Perlambatan Ekonomi Dunia Berimbas ke Pertumbuhan Ekonomi RI

Perlambatan Ekonomi Dunia Berimbas ke Pertumbuhan Ekonomi RI

SURABAYA, - Badan Pusat Statistik (BPS) melaporkan pertumbuhan ekonomi Indonesia mencapai 5,02 persen secara tahunan (year on year/yoy) pada kuartal III 2019.

Angka ini berbeda tipis dibandingkan dengan pertumbuhan ekonomi pada kuartal II 2019 yang mencapai 5,05 persen (yoy).

Deputi Gubernur Bank Indonesia ( BI) Dody Budi Waluyo mengatakan, pertumbuhan ekonomi Indonesia terdampak perlambatan ekonomi dunia. Ia mengatakan, perlambatan ekonomi terjadi hampir di seluruh negara.

"Negara tetangga seperti Malaysia dan Singapura jauh lebih dalam (perlambatan ekonomi)," kata Dody di sela-sela pembukaan Festival Ekonomi Syariah (Fesyar) di Surabaya, Jawa Timur, Rabu (6/11/2019) malam.

Dody menyebut, perlambatan ekonomi ini tidak bisa dihindari. Dia mengatakan, permasalahan ekonomi global menjadi penyebab melemahnya perekonomian dunia.
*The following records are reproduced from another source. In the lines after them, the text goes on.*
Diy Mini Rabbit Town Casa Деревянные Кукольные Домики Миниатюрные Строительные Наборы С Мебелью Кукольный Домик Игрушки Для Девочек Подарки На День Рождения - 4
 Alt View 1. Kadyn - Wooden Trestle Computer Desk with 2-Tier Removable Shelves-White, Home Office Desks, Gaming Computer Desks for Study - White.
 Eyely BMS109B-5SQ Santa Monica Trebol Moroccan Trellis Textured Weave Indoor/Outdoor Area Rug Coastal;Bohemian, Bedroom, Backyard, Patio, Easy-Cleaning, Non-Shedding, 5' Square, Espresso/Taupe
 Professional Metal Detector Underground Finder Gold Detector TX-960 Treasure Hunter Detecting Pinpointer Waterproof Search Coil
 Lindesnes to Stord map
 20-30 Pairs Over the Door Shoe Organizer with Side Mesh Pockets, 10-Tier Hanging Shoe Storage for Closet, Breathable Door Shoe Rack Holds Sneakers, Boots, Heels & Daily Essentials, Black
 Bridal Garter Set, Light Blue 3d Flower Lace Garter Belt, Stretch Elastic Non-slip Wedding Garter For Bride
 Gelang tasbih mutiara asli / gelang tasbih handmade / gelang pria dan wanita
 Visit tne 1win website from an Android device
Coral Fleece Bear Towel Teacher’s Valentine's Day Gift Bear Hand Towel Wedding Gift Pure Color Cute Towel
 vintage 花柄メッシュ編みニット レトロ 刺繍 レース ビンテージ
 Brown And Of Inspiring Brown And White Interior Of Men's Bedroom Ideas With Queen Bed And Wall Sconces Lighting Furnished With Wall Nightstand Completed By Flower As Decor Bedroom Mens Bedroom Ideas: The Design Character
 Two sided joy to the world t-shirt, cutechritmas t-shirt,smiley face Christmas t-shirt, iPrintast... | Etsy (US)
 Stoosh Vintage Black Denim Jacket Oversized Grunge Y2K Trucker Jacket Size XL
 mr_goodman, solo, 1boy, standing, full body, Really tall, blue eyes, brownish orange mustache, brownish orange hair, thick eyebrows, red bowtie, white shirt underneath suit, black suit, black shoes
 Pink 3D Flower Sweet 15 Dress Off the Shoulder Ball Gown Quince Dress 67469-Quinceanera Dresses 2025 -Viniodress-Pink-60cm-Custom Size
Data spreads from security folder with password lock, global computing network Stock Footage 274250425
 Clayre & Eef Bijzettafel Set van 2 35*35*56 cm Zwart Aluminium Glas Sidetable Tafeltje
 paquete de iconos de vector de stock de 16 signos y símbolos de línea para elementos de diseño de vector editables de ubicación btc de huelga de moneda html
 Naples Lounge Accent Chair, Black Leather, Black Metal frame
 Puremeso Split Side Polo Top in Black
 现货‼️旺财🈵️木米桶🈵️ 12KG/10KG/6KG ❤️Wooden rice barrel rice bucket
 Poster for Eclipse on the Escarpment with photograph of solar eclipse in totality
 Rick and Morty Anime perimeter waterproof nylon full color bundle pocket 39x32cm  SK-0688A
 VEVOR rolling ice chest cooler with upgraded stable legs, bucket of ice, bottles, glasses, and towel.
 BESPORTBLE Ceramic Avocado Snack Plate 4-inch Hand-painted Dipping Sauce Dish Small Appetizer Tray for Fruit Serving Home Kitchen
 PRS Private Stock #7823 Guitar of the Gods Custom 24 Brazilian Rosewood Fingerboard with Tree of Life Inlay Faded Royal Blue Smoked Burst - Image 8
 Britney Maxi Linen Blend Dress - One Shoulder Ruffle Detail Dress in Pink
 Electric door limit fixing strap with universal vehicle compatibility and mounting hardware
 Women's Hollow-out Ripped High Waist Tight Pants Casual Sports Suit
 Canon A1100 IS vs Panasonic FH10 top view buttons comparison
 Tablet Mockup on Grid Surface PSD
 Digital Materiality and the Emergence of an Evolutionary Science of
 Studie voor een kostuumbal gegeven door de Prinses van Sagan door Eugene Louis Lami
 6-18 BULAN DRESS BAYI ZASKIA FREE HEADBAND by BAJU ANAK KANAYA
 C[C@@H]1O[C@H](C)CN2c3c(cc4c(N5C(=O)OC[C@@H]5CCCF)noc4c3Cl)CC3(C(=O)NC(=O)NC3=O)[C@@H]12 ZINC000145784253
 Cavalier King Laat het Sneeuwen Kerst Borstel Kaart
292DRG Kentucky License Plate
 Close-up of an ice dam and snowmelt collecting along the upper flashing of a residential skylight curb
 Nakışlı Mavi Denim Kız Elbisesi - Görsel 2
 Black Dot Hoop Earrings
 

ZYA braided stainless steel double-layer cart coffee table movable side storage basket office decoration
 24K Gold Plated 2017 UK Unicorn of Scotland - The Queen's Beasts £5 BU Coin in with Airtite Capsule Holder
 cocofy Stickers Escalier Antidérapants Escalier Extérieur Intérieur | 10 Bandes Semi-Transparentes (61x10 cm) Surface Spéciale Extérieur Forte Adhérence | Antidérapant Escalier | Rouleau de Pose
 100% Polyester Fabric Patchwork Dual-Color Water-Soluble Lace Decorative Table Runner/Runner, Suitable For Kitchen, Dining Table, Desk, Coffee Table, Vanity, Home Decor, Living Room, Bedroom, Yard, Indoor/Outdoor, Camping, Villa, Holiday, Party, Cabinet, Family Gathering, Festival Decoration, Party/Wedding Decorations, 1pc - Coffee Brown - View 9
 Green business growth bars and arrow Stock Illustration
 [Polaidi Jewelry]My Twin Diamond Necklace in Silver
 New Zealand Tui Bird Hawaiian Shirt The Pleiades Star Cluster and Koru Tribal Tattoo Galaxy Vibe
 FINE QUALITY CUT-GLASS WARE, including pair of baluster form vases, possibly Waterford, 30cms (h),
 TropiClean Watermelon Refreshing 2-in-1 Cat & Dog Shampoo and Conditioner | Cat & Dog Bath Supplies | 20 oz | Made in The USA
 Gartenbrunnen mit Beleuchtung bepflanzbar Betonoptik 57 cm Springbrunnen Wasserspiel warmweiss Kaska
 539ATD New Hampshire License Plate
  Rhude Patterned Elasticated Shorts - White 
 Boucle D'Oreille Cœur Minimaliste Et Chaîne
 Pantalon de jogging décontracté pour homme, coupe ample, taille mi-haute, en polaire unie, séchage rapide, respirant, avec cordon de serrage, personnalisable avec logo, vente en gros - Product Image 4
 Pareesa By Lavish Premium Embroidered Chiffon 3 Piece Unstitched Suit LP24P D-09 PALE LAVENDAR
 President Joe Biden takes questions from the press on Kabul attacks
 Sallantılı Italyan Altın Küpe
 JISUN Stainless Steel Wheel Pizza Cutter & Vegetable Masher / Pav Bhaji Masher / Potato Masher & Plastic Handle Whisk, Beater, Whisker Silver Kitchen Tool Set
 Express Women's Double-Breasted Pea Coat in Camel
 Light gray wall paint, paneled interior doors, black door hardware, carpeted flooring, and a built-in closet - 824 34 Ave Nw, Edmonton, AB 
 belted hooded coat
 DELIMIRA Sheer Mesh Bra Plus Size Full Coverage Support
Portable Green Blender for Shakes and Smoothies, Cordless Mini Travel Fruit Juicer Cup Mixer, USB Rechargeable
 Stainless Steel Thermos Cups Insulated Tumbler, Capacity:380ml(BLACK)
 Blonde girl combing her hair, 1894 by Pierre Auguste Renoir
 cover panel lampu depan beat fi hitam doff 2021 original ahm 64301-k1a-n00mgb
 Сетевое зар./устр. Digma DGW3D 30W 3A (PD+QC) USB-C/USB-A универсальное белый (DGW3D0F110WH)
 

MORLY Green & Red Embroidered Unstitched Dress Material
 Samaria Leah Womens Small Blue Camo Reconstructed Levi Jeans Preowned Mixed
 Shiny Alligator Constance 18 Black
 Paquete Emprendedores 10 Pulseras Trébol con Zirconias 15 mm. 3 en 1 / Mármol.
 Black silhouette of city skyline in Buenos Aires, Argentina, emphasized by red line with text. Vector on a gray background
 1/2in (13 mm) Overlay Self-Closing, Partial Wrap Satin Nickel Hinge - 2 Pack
Menurut dia, dunia memang dalam kondisi yang tidak sedang baik-baik saja. Dalam beberapa kondisi, kembali memunculkan risiko yang berdampak negatif pada perkembangan perekonomian domestik.

Indonesia dan negara lainnya di kawasan, tidak terkecuali ikut terpapar kondisi yang kurang menguntungkan bagi kinerja sektor ekstenal di dalam negeri.

Keadaan ini kemudian diperparah dengan proyeksi pada pertumbuhan ekonomi dunia yang belum menunjukkan pemulihan yang berarti, disertai berlanjutnya risiko ketidakpastian hubungan dagang antar negara utama di dunia serta isu geopolitik lainnya yang masih membayangi.

Namun demikian, imbuh Dody, capaian pertumbuhan ekonomi Indonesia pada kuartal III 2019 tersebut patut diacungi jempol.

Yang terpenting, pertumbuhan ekonomi sebesar 5,02 persen tersebut dapat tetap mendukung berjalannya ekonomi dan pertumbuhan permintaan dalam negeri.